Concept

Sociocultural anthropology

Summary
Sociocultural anthropology is a term used to refer to social anthropology and cultural anthropology together. It is one of the four main branches of anthropology. Sociocultural anthropologists focus on the study of society and culture, while often interested in cultural diversity and universalism. Sociocultural anthropologists recognise a change in the nature of the field and that a previous focus on traditional tribal perspectives has shifted to a contemporary understanding. Methodologies have altered accordingly, and the discipline continues to evolve with that of society. Globalisation has contributed to the changing influence of the state on individuals and their interactions. The rubric cultural anthropology is generally applied to ethnographic works that are holistic in approach, are oriented to the ways in which culture affects individual experience, or aim to provide a rounded view of the knowledge, customs, and institutions of a people.

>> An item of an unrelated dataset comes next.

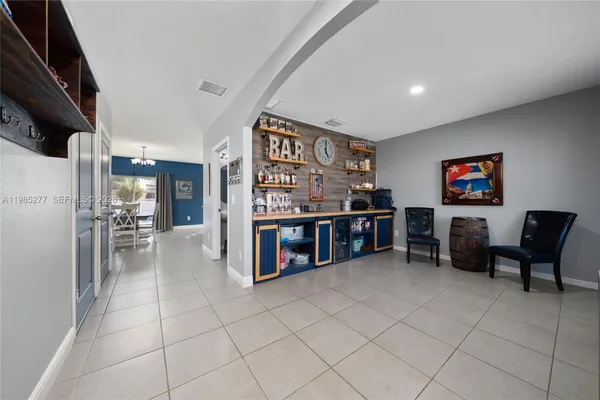 a living room with lots of furniture and a refrigerator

Cultural anthropology focuses on how individuals make sense of the world around them using knowledge, beliefs, morals, arts, laws and customs of groups. Social anthropology is a term applied to ethnographic works that attempt to isolate a particular system of social relations such as those that comprise domestic life, economy, law, politics, or religion, give analytical priority to the organizational bases of social life, and attend to cultural phenomena as somewhat secondary to the main issues of social scientific inquiry. Sociocultural anthropology, which is understood to include linguistic anthropology, is concerned with the problem of difference and similarity within and between human populations. The discipline arose through the expansion of European colonial empires, and its practices and theories have been questioned and reformulated along with processes of decolonization. Such issues have re-emerged as transnational processes have challenged the centrality of the nation-state to theorizations about culture and power.